Task statement —
The entries below contain a line with "Torrid Denim Gray" and a line with "Slickblue Heavy Duty". Retype exactly everything from the first down to the second, both included, and nothing else.

Record excerpts —

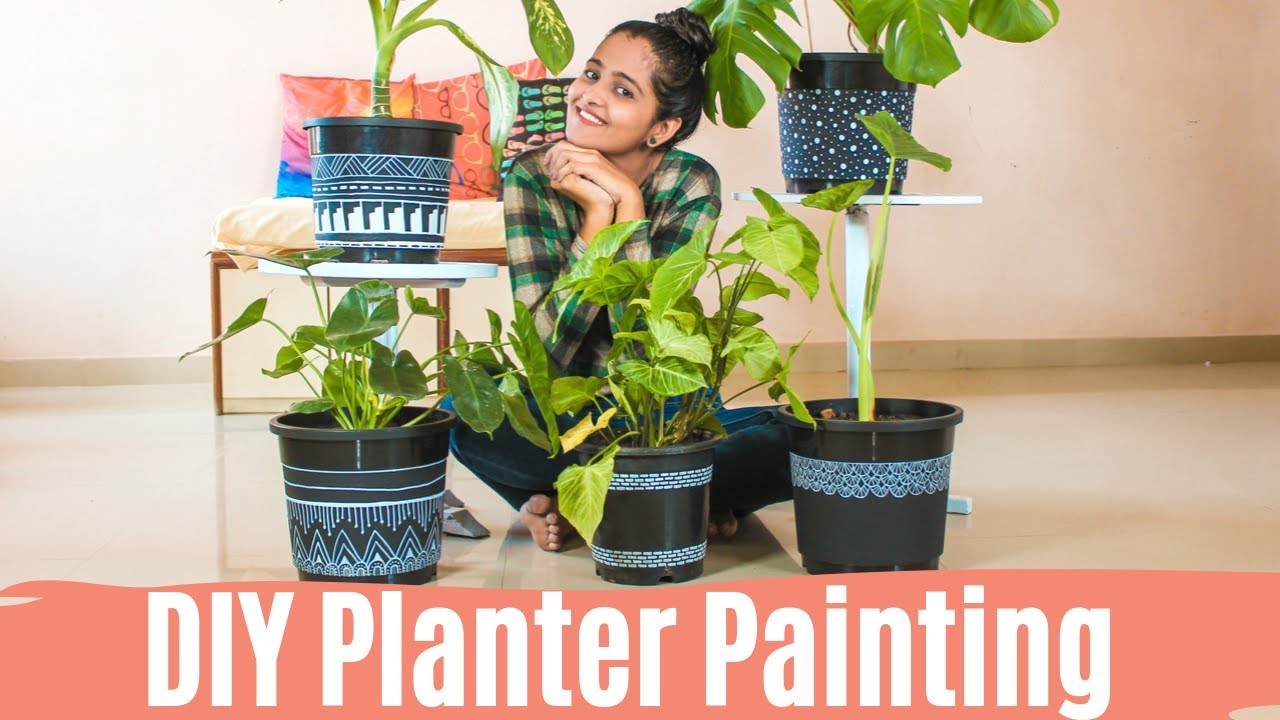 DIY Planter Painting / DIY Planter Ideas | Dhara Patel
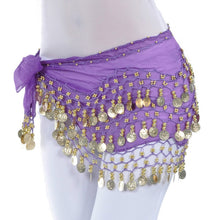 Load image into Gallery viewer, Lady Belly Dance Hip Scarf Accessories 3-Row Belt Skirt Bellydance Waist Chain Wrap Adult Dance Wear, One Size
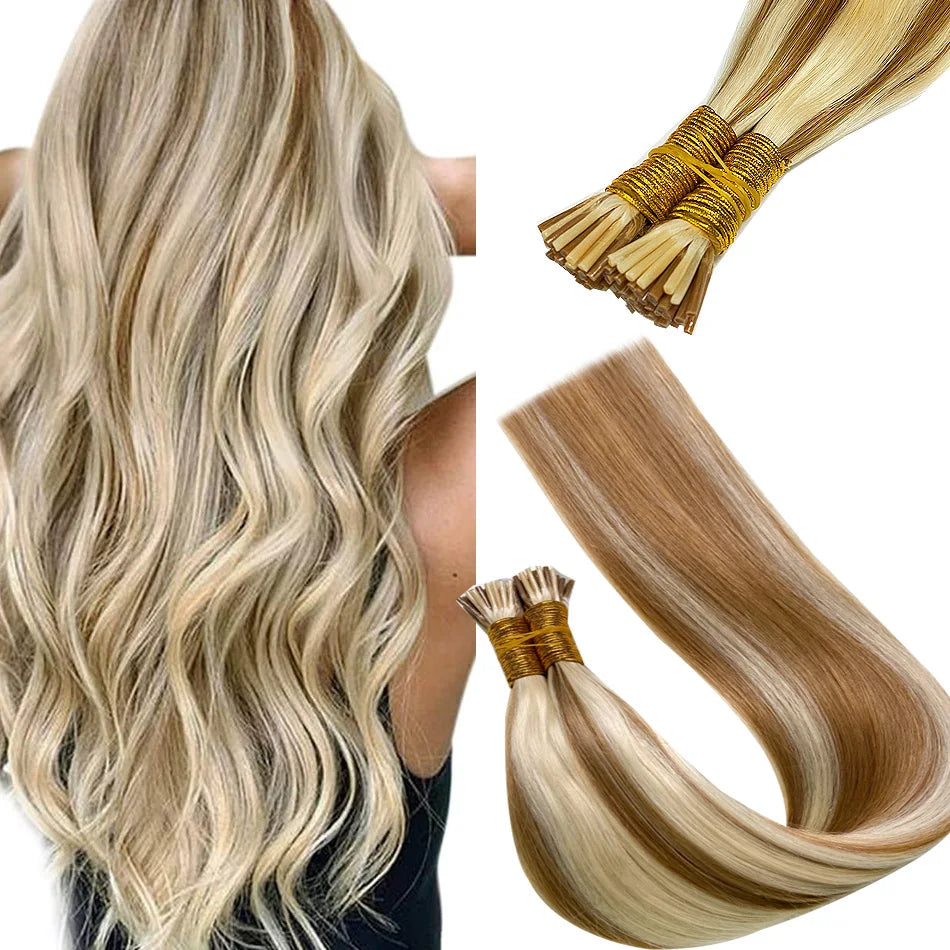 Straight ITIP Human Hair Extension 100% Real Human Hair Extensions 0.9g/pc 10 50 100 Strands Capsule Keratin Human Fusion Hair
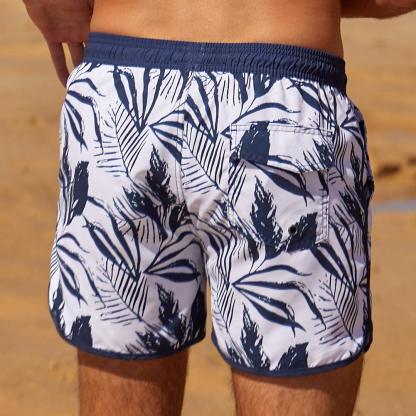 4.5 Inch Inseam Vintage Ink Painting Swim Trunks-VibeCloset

---

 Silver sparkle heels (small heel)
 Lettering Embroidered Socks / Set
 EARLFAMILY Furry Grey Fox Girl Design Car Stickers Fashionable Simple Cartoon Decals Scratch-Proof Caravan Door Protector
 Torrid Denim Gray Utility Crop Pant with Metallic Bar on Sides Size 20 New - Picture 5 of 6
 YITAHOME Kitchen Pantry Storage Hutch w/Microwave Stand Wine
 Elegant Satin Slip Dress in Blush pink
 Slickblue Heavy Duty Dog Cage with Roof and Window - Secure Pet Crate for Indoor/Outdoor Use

Completed task —
 Torrid Denim Gray Utility Crop Pant with Metallic Bar on Sides Size 20 New - Picture 5 of 6
 YITAHOME Kitchen Pantry Storage Hutch w/Microwave Stand Wine
 Elegant Satin Slip Dress in Blush pink
 Slickblue Heavy Duty Dog Cage with Roof and Window - Secure Pet Crate for Indoor/Outdoor Use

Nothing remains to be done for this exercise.